Mick landed the schooners as Bazza raised both eyebrows:

“Taylor Smith, Bazza. Three sellout concerts of 96,000 fans in Melbourne and now onto Sydney. Her boyfriend’s arrival in Sydney even warrants front page news.”

Bazza took a long sip:

“Ahhh… yeah, Mick, it is hard to miss… I am a bit disappointed in it all though.”
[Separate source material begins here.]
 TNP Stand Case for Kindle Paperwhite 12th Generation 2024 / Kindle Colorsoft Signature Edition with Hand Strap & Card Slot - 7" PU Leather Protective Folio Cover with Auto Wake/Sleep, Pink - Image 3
Mick’s eyes widened and Bazza ran a hand across his mouth to conceal a smile:

All this gooey good girl stuff, Mick. What’s happened to the traditional rockstar tour? Where is the scandal? In years gone by, a touring rockstar’s antics would way surpass an NRL Mad Monday or, way back whenever, a second rower’s night out at the Bourbon and Beefsteak at Kings Cross.

Mick scratched his head:

“And groupies, Mick… where are the groupies trying to climb through hotel windows and police… lots of police, with over-zealous crowd control? It is all too tame for me.”

Mick shook his head and took a sip:

Not to mention drug-fuelled sex parties with conservative commentators screeching ‘Danger Danger, Danger’. Nah… Tay Tay falls short on all the key performance indicators of being a rockstar. My goodness… she is still sober at the end of her concerts. There is no smashing of guitars or wrecking of hotel rooms. She should be locked up for too much good behaviour. Now…Whitney Houston or Jim Morrison from the Doors would be rolling in their early graves at this faux rockstar’s Errors Tour. In fact, she has a good chance of making it to middle age.


Mick eyeballed Bazza:

“What are you on about, Bazza? Are you saying they should be sharing a joint rather than a friendship bracelet at a Taylor Swift concert? You are an ageing hippie.”

Bazza smiled, looked skywards and took a considered sip:

In the old days, Mick… good rock stars would attract the young to the edge of society, to the consternation of parents. They would throw up lyrics and, indeed behaviours, that were very challenging and even confronting to the mainstream. I am not ticking off on all those behaviours but Tay Tay is doing a good job of attracting the young to the centre of society, so it is all very safe and reinforces the status quo. In fact, I reckon if my mum was alive she would even like her.

Mick leaned in:

“I think you should lower your voice if you are saying you are not in the Tay Tay friendship group, Bazza.”

Bazza’s eyes widened and they both took a long sip.

A pause. He said:

“Hey Bazza… do you ever wonder why I am the only person who shares a drink with you in this pub?”

John Longhurst is a former industrial advocate and political adviser. He currently works as an English and History teacher on the South Coast of NSW.